[Start of Attachment]

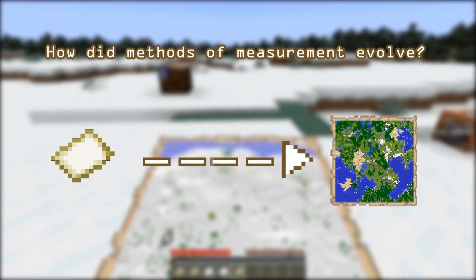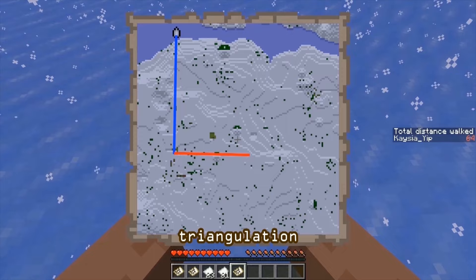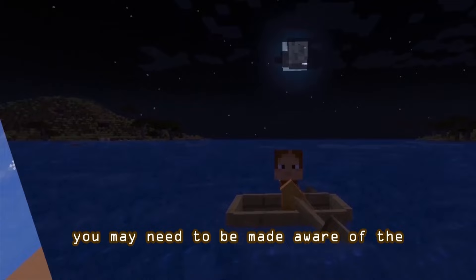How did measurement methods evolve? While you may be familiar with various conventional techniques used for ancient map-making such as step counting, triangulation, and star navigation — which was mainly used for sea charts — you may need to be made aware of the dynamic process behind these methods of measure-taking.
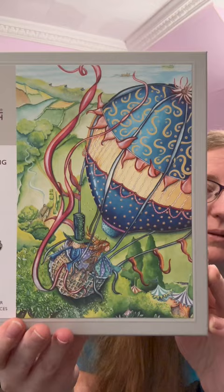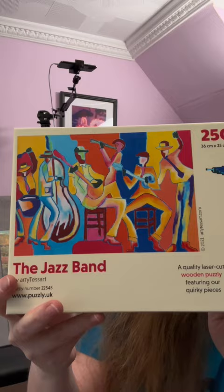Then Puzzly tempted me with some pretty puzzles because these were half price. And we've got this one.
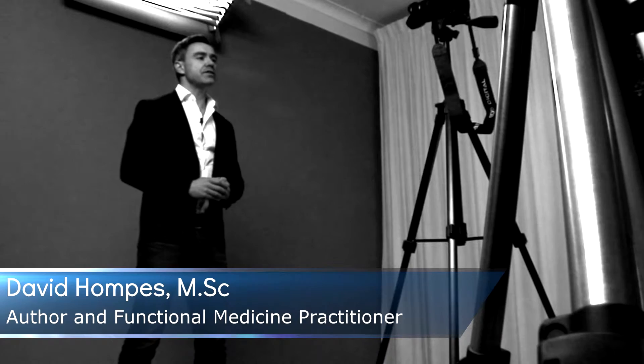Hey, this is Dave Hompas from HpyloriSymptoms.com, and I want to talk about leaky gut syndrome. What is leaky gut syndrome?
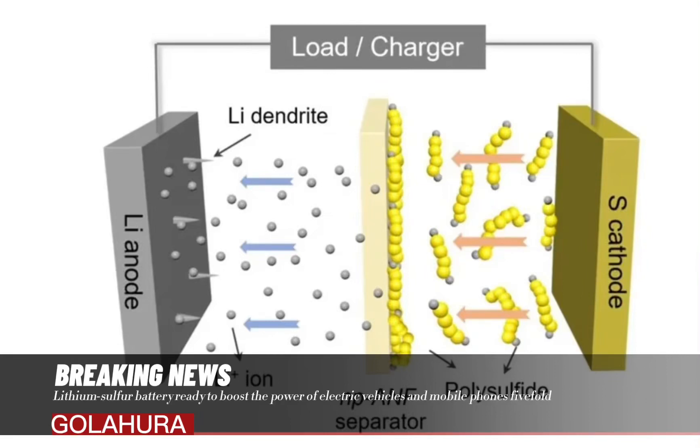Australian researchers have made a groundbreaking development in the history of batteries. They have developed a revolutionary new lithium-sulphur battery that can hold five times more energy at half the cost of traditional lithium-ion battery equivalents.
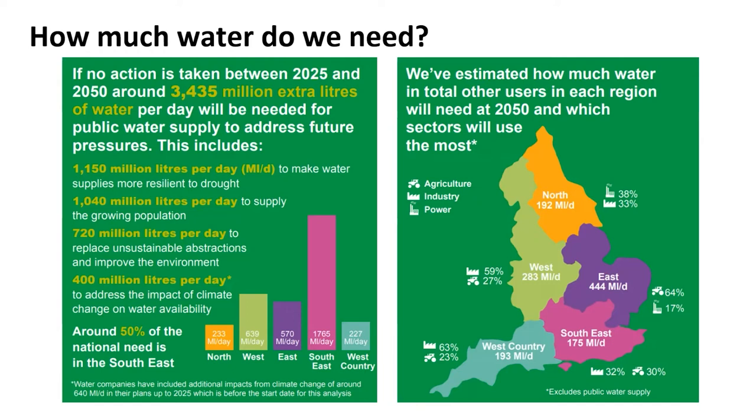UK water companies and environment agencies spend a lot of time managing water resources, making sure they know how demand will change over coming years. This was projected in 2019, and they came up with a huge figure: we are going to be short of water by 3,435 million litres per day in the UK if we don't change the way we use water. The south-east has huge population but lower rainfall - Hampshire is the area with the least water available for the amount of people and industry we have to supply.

[End of Attachment]

Task directions> Restate the records above in full, word for word. Keep pictures out.

Solution to the problem>
How did measurement methods evolve? While you may be familiar with various conventional techniques used for ancient map-making such as step counting, triangulation, and star navigation — which was mainly used for sea charts — you may need to be made aware of the dynamic process behind these methods of measure-taking.
Then Puzzly tempted me with some pretty puzzles because these were half price. And we've got this one.
Hey, this is Dave Hompas from HpyloriSymptoms.com, and I want to talk about leaky gut syndrome. What is leaky gut syndrome?
Australian researchers have made a groundbreaking development in the history of batteries. They have developed a revolutionary new lithium-sulphur battery that can hold five times more energy at half the cost of traditional lithium-ion battery equivalents.
UK water companies and environment agencies spend a lot of time managing water resources, making sure they know how demand will change over coming years. This was projected in 2019, and they came up with a huge figure: we are going to be short of water by 3,435 million litres per day in the UK if we don't change the way we use water. The south-east has huge population but lower rainfall - Hampshire is the area with the least water available for the amount of people and industry we have to supply.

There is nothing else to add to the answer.